#### [What the task asks]
Apart from the pictures, reproduce the data below exactly as it stands.

(Beginning of Information provided)

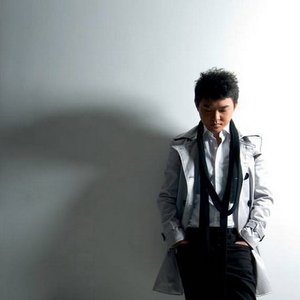 Avatar di 劉嘉亮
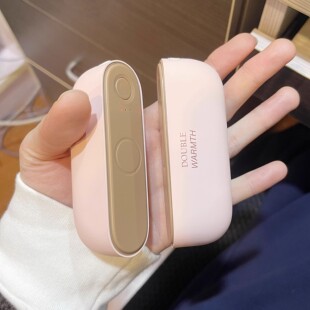 �����W�t����������wʽů�֌�늟�������ʽ�԰l�������S��y��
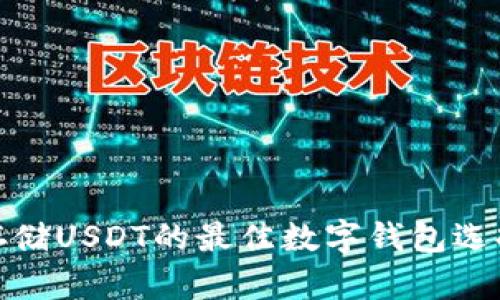 存储USDT的最佳数字钱包选择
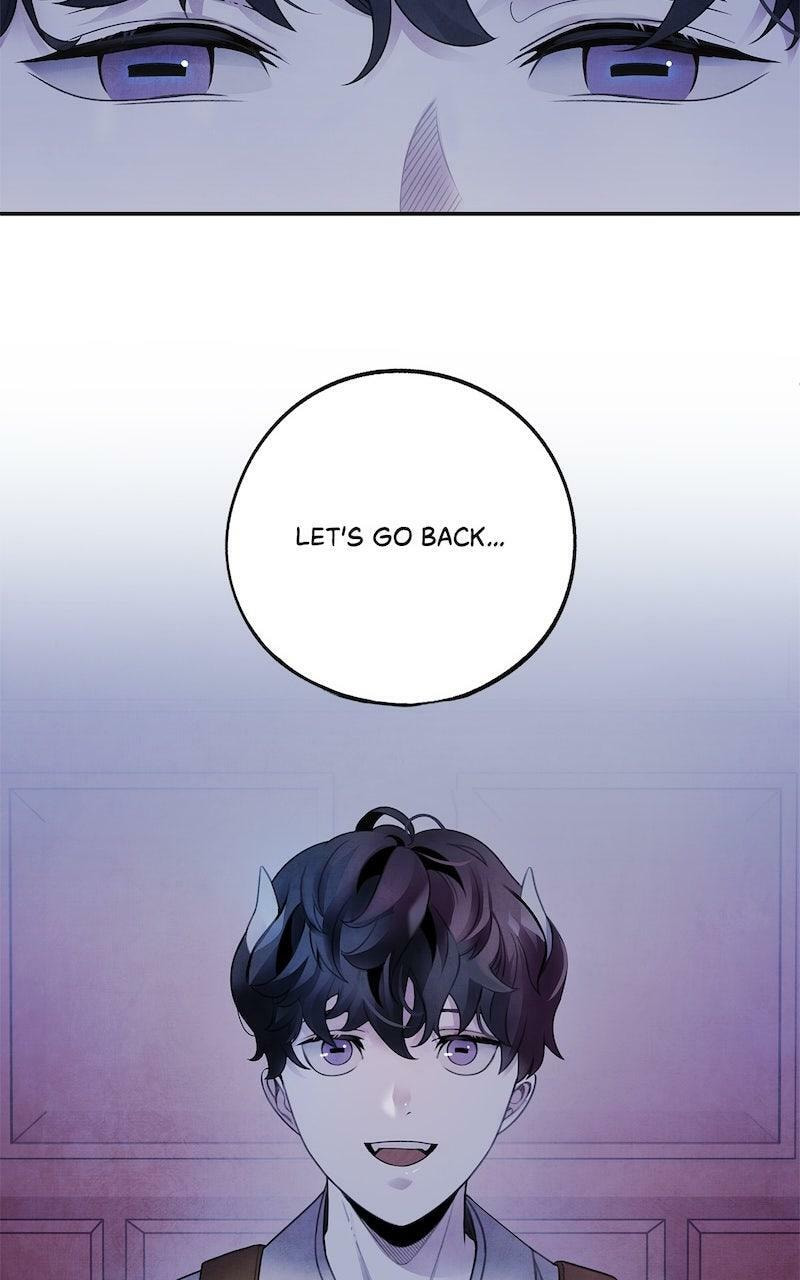 Aza Chapter 79 page 33 - 
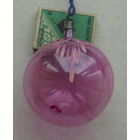 Ёлочная игрушка. Б-15.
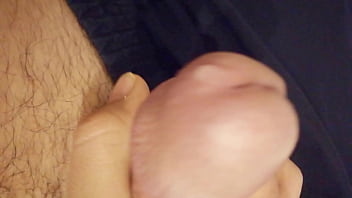 Porn, Shemale, Soloboy, Gay-amateur - Shemale - 2025 - Amazing - Session - Video 3412470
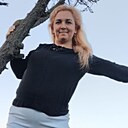 Карина, 40 лет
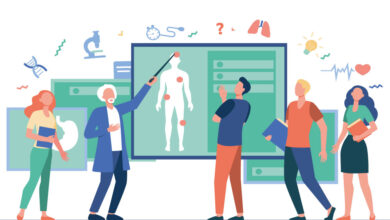 10 Things Every Pre-Med Should Know Before Becoming a Medical Student 3 10 Things Every Pre-Med Should Know Before Becoming a Medıcal Student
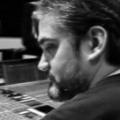Masterclass de Producción de Sonido en Directo el 21 de junio en Madrid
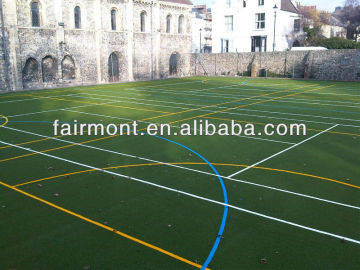 Multi Fuction Artificial Grass K01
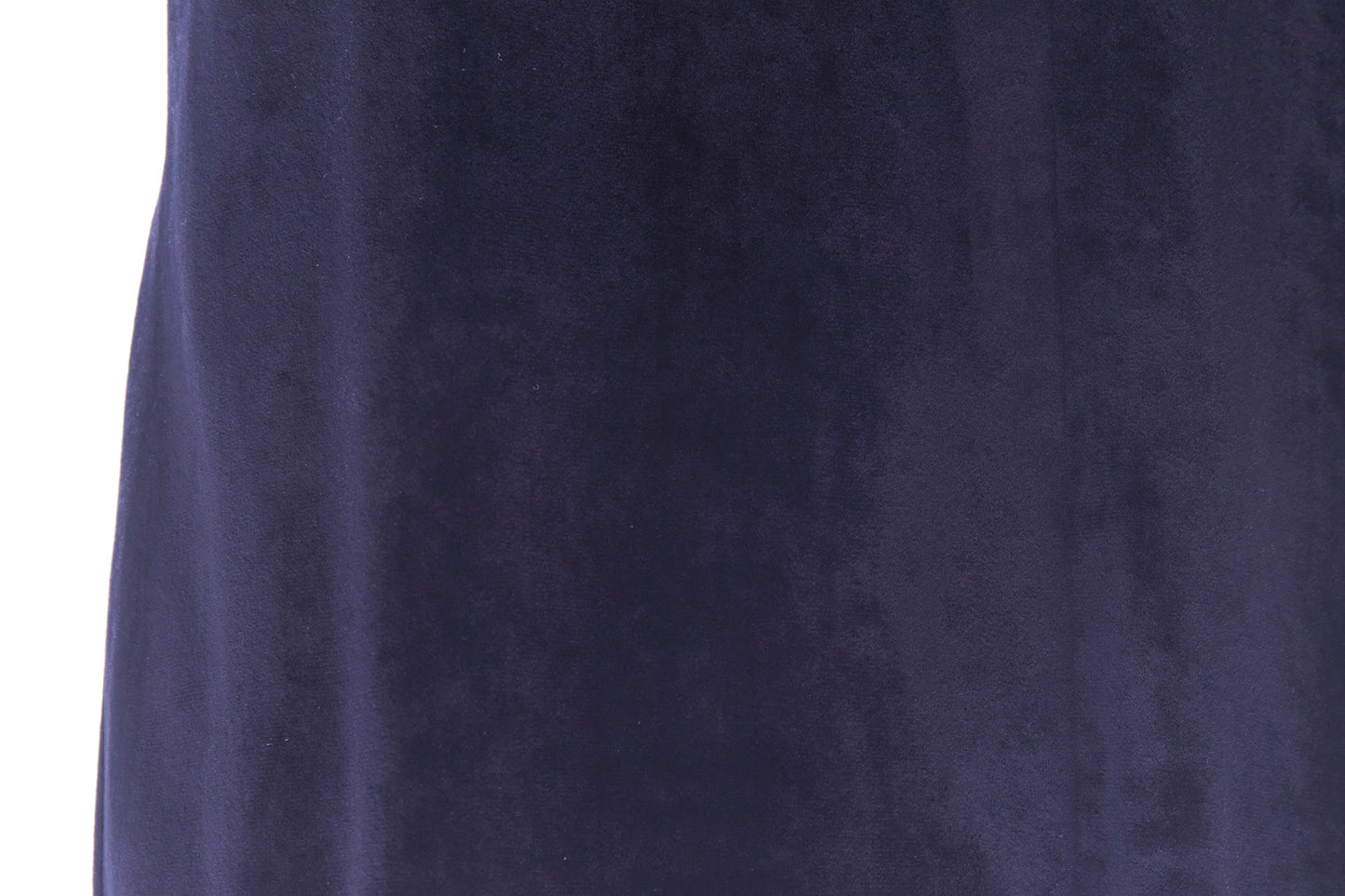 ソフトベロアオールインワン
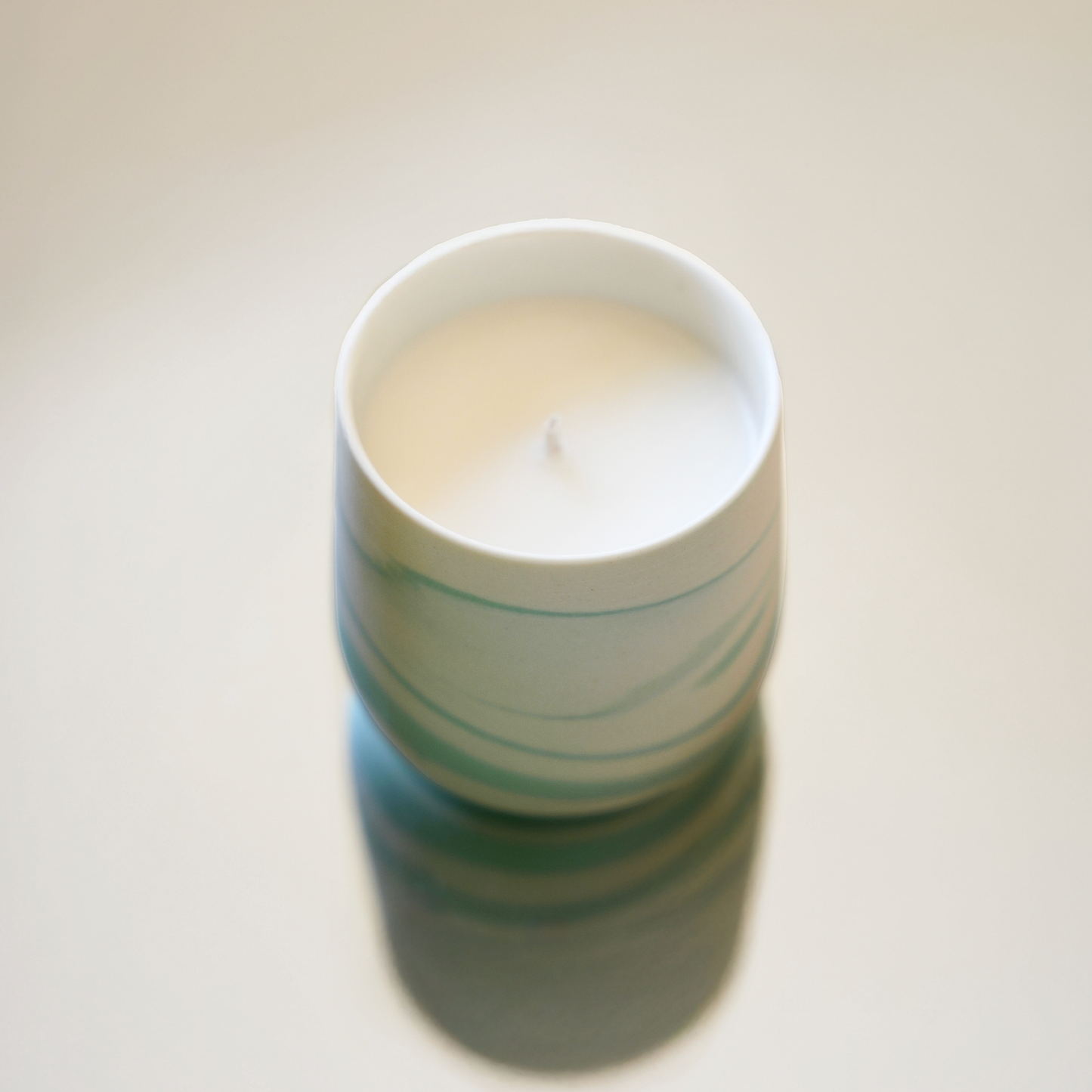 Équilibre – Limited Edition Scented Candle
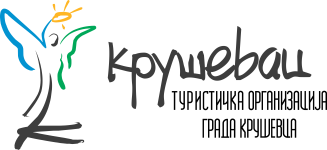 Mobile Logo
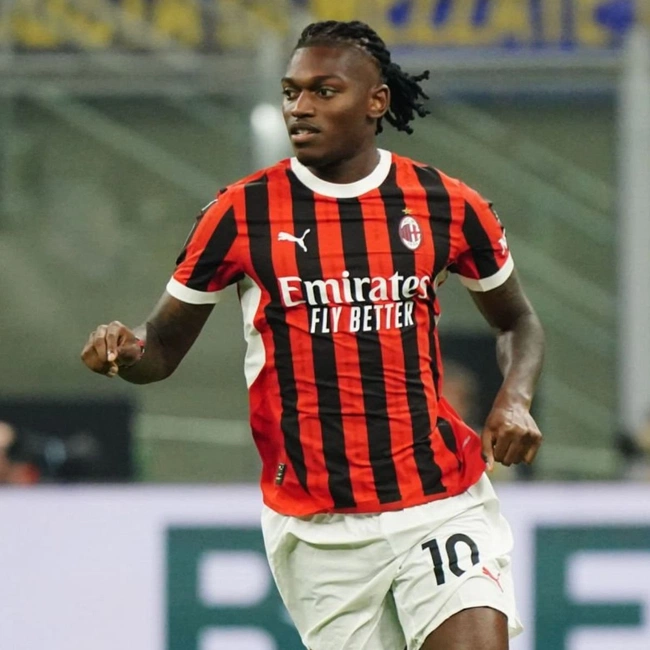 cover image of the auction item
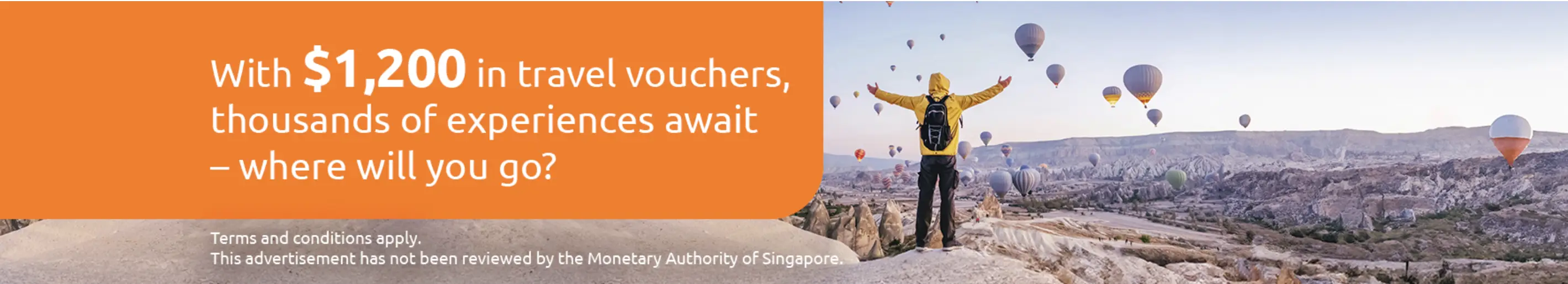 travel lucky draw campaign travel lucky draw campaign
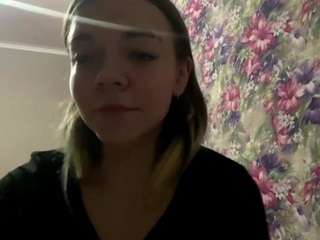 hortensemarin webcam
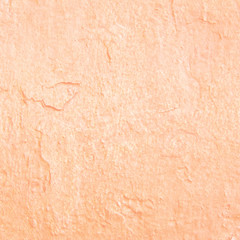 Old texture brown beige abstract grunge background. Perfect texture of stucco, beautiful colors and designs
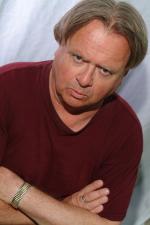 Фото Рой Си Петерсон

(End of Information provided)

#### [Written reply]
 Avatar di 劉嘉亮
 �����W�t����������wʽů�֌�늟�������ʽ�԰l�������S��y��
 存储USDT的最佳数字钱包选择
 Aza Chapter 79 page 33 - 
 Ёлочная игрушка. Б-15.
 Porn, Shemale, Soloboy, Gay-amateur - Shemale - 2025 - Amazing - Session - Video 3412470
 Карина, 40 лет
 10 Things Every Pre-Med Should Know Before Becoming a Medical Student 3 10 Things Every Pre-Med Should Know Before Becoming a Medıcal Student
Masterclass de Producción de Sonido en Directo el 21 de junio en Madrid
 Multi Fuction Artificial Grass K01
 ソフトベロアオールインワン
 Équilibre – Limited Edition Scented Candle
 Mobile Logo
 cover image of the auction item
 travel lucky draw campaign travel lucky draw campaign
 hortensemarin webcam
 Old texture brown beige abstract grunge background. Perfect texture of stucco, beautiful colors and designs
 Фото Рой Си Петерсон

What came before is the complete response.